Мимоходом Сопровский проводит различие между пораженческой иронией Бродского (в которой сохраняется человеческое достоинство) и иронией Лимонова, где достоинство теряется. Возможно, стоило бы переставить акценты и именно это частное различие выдвинуть на первый план, а не обличать иронию вообще. Иначе как быть с иронией у Рабле (не у Бахтина в книге о Рабле, а у самого мэтра)? У Сервантеса? У Вольтера? У Гофмана? У Томаса Манна?
Вдохновение Сопровского нашло другой путь. Его увлек Галич, увлек призыв «встать, чтобы драться, встать, чтобы сметь». По-моему, самое лучшее у Галича — не эти призывы. Я больше верю сарказмам Галича, чем его патетике. Но так или иначе, есть статья «Конец прекрасной эпохи», и рядом с ней — панегирик Галичу, самому ироническому из наших больших поэтов. Галичу, у котрого сами рифмы ироничны. Нетрудно найти у Галича образцы всех видов иронии, в том числе — иронии бессильной жертвы, иронии пораженца:
Ох уж эти мне евреи, евреи!
Не бывать вам в камергерах, евреи!
И не плачьте вы зазря, не стенайте —
Не сидеть вам ни в синоде, ни в сенате.
А сидеть вам в Соловках да в Бутырках,
И ходить вам без шнурков на ботинках.
Не кричать вам по субботам: «лэхаим!»,
А таскаться на допрос с вертухаем...
Величие Галича неотделимо от его слабостей. Ему самому нашептывал черт: «и ты можешь лгать и можешь блудить...» Его песни — покаяние изверившегося и изолгавшегося советского человека в своих грехах. Через жгучее отвращение к себе приходит порыв к чистоте, к святости, к Богу. По насквозь проплеванной Иудее идет Мадонна, в платьице, застиранном до сини, и думает о страданиях Христа. Выхватите ее из ассоциаций со следователем Хмуриком, поехавшим в Теберду, со справкой о реабилитации, полученной пророковой вдовой, с ражими долдонами и проч. и проч.— и останется тощая идея. А порыв, прошедший сквозь беспощадную иронию, захватывает своей подлинностью:
Но спускались тени на суглинок,
Но таились тени в каждой пяди —
Тени всех Бутырок и Треблинок,
Всех убийств, предательств и распятий...
И ударом колокола звучит припев: Ave Maria! Радуйся, благодатная...

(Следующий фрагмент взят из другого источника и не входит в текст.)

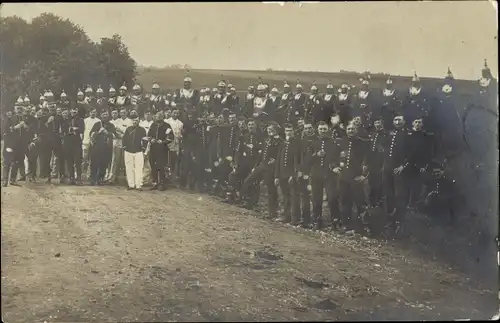 Foto Ak Französische Soldaten, Infanterie und Kavallerie, Dragoner, Gruppenaufnahme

Написав о Галиче восторженную статью, Сопровский прославил ту же самую иронию, которую уничтожил в статье «Конец прекрасной эпохи». И вот рядом две статьи, опровергающие друг друга. Сопровский (и не он один) каждый раз видит одну, увлекшую его, идею. Увлеченный Мандельштамом, он выстроил концепцию «правоты поэта», не оценив до конца возможности истолковать ее как освобождение от всех нравственных обязанностей, кроме одной: связи «с провиденциальным собеседником». Он безоговорочно принимает тезис Мандельштама: «Быть выше своей эпохи, лучше своего общества для него не обязательно». Поэт может быть вором, как Франсуа Вийон,— все равно он прав, потому что поэт. Трудно понять, как это примирить с призывом «жить не по лжи»? А между тем суровый нравственный призыв отчетливо чувствуется в «Конце прекрасной эпохи».